From June 1 a Ministry of Industry and Trade notice requires mobile phone, alcohol and cosmetics importers to obtain a letter of authorization notarised by a Vietnamese diplomatic mission in the country of origin. Then the products can be imported but only via one of three Vietnamese sea ports.
European Chamber of Commerce head Alain Cany told a twice-a-year dialogue between the business community and government that the restrictions "may be in breach of Vietnam's international trade law obligations". He did not elaborate.
Last year the business community in Vietnam raised concerns about the introduction of price controls to clip inflation, and many complain the government has a tendency to resort to administrative measures.
"We have a lot of issues being raised by our importers and distributors now," a diplomat from a country that ships wine to Vietnam said on the sidelines of the Vietnam Business Forum.
"It's another straw on the camel's back in terms of trying to do business in Vietnam."
The rules restricting mobile phone, cosmetic and alcohol imports to three sea ports were "thinly-disguised measures to restrict trade", Christopher Twomey, chairman of the American Chamber of Commerce, said in remarks prepared for the forum.
"A balance of trade issue is not a valid reason for import controls, and the artificial restriction of imports will not solve the underlying structural causes behind Vietnam's balance of trade issue," he said.
Vice-Minister of Trade and Industry Nguyen Cam Tu denied that the measures were new or aimed at cutting the trade gap, saying imports of mobile phones, cosmetics and alcoholic beverages were to be monitored out of health concerns.
"They are also expensive and often subject to price manipulation so it is necessary to monitor closely the origin and quality," Tu said during the forum.
Vietnam's trade deficit rose 15.4 percent in the January to May period this year from last year, hitting $6.59 billion.

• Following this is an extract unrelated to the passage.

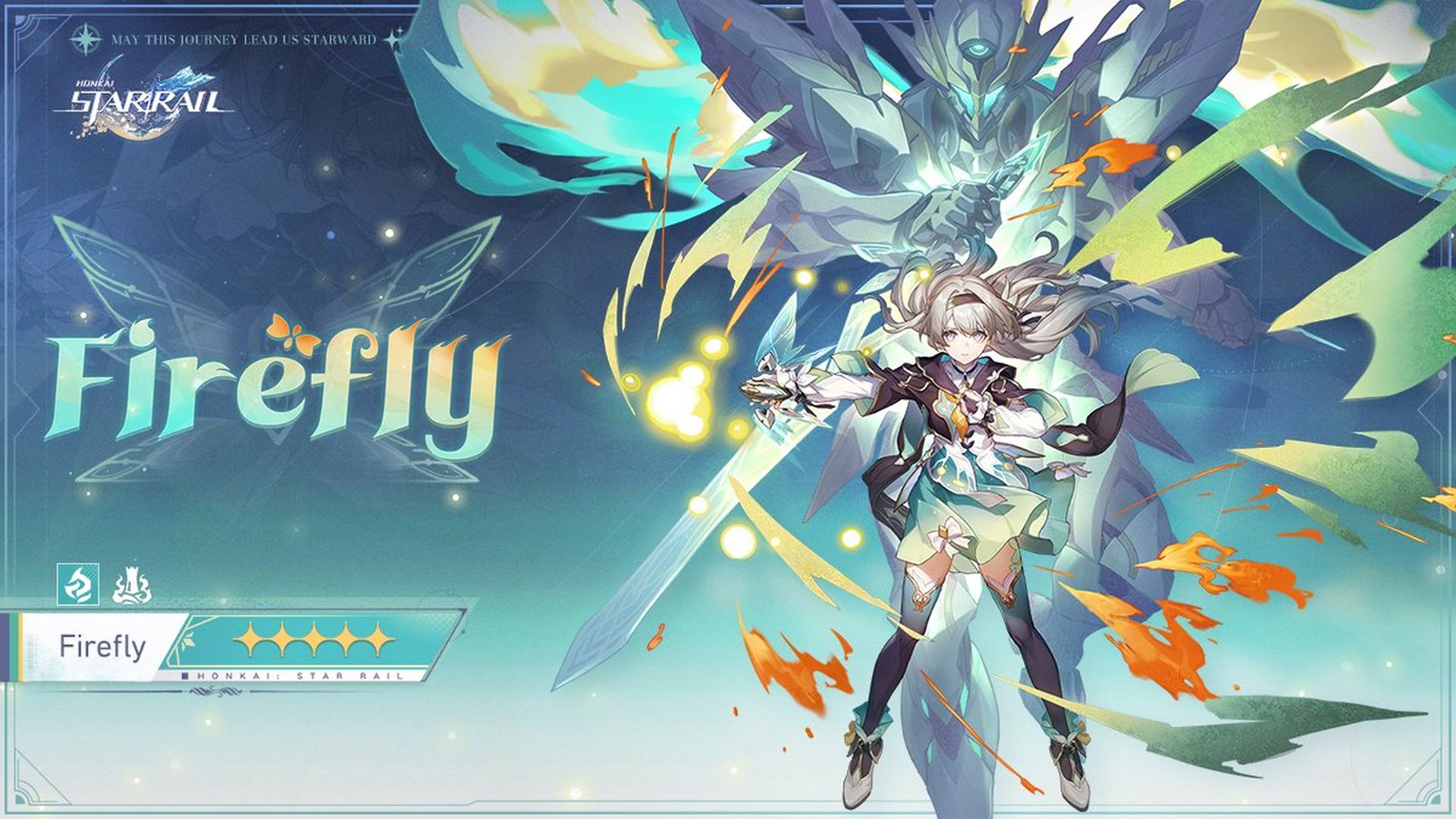 De ontwikkelaars van Honkai: Star Rail bevestigen Firefly als aankomend personage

On Thursday, the European Union's Vietnam delegation noted that Vietnam's $14.2 billion trade deficit last year derived predominantly from one country -- namely, China -- but the restrictions were "even targeting the trading partners with whom Vietnam has for years enjoyed a significant trade surplus".
Burke estimated the proliferation of import rules could affect around 5-6 percent of the value of imports.